Lexical structure: move the description of CRLF normalization

We now say that CRLF normalization happens as a separate pass before tokenization.
2024-01-27 23:49:41 +00:00 · 2024-01-27 23:49:41 +00:00 · fa56fdba0e
parent a0b119535e
commit fa56fdba0e
3 changed files with 54 additions and 26 deletions
--- a/src/comments.md
+++ b/src/comments.md
@ -30,7 +30,7 @@
 > &nbsp;&nbsp; | INNER_BLOCK_DOC
 >
 > _IsolatedCR_ :\
-> &nbsp;&nbsp; _A `\r` not followed by a `\n`_
+> &nbsp;&nbsp; \\r

 ## Non-doc comments

@ -53,8 +53,9 @@ that follows.  That is, they are equivalent to writing `#![doc="..."]` around
 the body of the comment. `//!` comments are usually used to document
 modules that occupy a source file.

-Isolated CRs (`\r`), i.e. not followed by LF (`\n`), are not allowed in doc
-comments.
+The character `U+000D` (CR) is not allowed in doc comments.
+
+> **Note**:  The sequence `U+000D` (CR) immediately followed by `U+000A` (LF) would have been previously transformed into a single `U+000A` (LF).

 ## Examples

--- a/src/input-format.md
+++ b/src/input-format.md
@ -1,3 +1,22 @@
 # Input format

-Rust input is interpreted as a sequence of Unicode code points encoded in UTF-8.
+This chapter describes how a source file is interpreted as a sequence of tokens.
+
+See [Crates and source files] for a description of how programs are organised into files.
+
+## Source encoding
+
+Each source file is interpreted as a sequence of Unicode characters encoded in UTF-8.
+It is an error if the file is not valid UTF-8.
+
+## CRLF normalization
+
+Each pair of characters `U+000D` (CR) immediately followed by `U+000A` (LF) is replaced by a single `U+000A` (LF).
+
+Other occurrences of the character `U+000D` (CR) are left in place (they are treated as [whitespace]).
+
+## Tokenization
+
+The resulting sequence of characters is then converted into tokens as described in the remainder of this chapter.
+
+[Crates and source files]: crates-and-source-files.md
--- a/src/tokens.md
+++ b/src/tokens.md
@ -37,6 +37,8 @@ Literals are tokens used in [literal expressions].
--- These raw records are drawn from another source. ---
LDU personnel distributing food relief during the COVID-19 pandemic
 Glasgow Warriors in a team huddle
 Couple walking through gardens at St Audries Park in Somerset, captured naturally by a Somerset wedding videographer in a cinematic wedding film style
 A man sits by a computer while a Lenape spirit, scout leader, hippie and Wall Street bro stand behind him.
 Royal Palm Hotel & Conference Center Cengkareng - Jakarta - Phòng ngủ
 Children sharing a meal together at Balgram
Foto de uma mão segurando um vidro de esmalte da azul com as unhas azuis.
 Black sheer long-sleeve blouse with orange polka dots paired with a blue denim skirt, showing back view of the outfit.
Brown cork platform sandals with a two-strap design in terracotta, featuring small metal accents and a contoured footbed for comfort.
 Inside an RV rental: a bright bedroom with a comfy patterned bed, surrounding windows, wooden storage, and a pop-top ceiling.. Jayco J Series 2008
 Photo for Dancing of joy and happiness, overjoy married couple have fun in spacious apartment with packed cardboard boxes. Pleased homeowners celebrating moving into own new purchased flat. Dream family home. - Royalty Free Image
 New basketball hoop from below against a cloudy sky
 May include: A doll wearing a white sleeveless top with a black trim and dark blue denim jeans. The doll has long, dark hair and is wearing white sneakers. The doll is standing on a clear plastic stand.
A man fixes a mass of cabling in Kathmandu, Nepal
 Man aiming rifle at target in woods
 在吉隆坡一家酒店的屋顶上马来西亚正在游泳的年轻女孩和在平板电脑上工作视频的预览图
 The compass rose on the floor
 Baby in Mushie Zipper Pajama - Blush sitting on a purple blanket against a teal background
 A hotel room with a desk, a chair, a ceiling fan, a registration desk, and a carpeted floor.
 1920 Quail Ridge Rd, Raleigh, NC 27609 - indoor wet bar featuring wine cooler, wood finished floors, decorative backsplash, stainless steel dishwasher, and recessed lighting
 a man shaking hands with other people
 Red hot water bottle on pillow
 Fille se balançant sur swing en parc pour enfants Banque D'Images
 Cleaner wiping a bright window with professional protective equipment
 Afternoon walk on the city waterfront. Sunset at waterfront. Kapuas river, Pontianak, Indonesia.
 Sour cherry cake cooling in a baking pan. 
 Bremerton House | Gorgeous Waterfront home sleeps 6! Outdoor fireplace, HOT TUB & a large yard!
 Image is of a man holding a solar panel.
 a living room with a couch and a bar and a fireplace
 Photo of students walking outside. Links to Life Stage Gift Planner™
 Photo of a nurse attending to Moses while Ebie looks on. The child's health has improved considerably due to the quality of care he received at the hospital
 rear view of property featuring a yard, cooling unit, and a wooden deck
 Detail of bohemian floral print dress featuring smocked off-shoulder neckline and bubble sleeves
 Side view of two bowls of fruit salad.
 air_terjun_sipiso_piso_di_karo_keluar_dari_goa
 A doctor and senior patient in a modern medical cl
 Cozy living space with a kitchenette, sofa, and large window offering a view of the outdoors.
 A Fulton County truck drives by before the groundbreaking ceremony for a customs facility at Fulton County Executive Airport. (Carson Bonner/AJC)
 [^nsets]: The number of `#`s on each side of the same literal must be equivalent.

+> **Note**:  Character and string literal tokens never include the sequence of `U+000D` (CR) immediately followed by `U+000A` (LF): this pair would have been previously transformed into a single `U+000A` (LF).
+
 #### ASCII escapes

 |   | Name |
@ -156,13 +158,10 @@ A _string literal_ is a sequence of any Unicode characters enclosed within two
 `U+0022` (double-quote) characters, with the exception of `U+0022` itself,
 which must be _escaped_ by a preceding `U+005C` character (`\`).

-Line-breaks are allowed in string literals.
-A line-break is either a newline (`U+000A`) or a pair of carriage return and newline (`U+000D`, `U+000A`).
-Both byte sequences are translated to `U+000A`.
-
+Line-breaks, represented by the  character `U+000A` (LF), are allowed in string literals.
 When an unescaped `U+005C` character (`\`) occurs immediately before a line break, the line break does not appear in the string represented by the token.
 See [String continuation escapes] for details.
-
+The character `U+000D` (CR) may not appear in a string literal other than as part of such a string continuation escape.

 #### Character escapes

@ -198,10 +197,10 @@ following forms:

 Raw string literals do not process any escapes. They start with the character
 `U+0072` (`r`), followed by fewer than 256 of the character `U+0023` (`#`) and a
-`U+0022` (double-quote) character. The _raw string body_ can contain any sequence
-of Unicode characters and is terminated only by another `U+0022` (double-quote)
-character, followed by the same number of `U+0023` (`#`) characters that preceded
-the opening `U+0022` (double-quote) character.
+`U+0022` (double-quote) character.
+
+The _raw string body_ can contain any sequence of Unicode characters other than `U+000D` (CR).
+It is terminated only by another `U+0022` (double-quote) character, followed by the same number of `U+0023` (`#`) characters that preceded the opening `U+0022` (double-quote) character.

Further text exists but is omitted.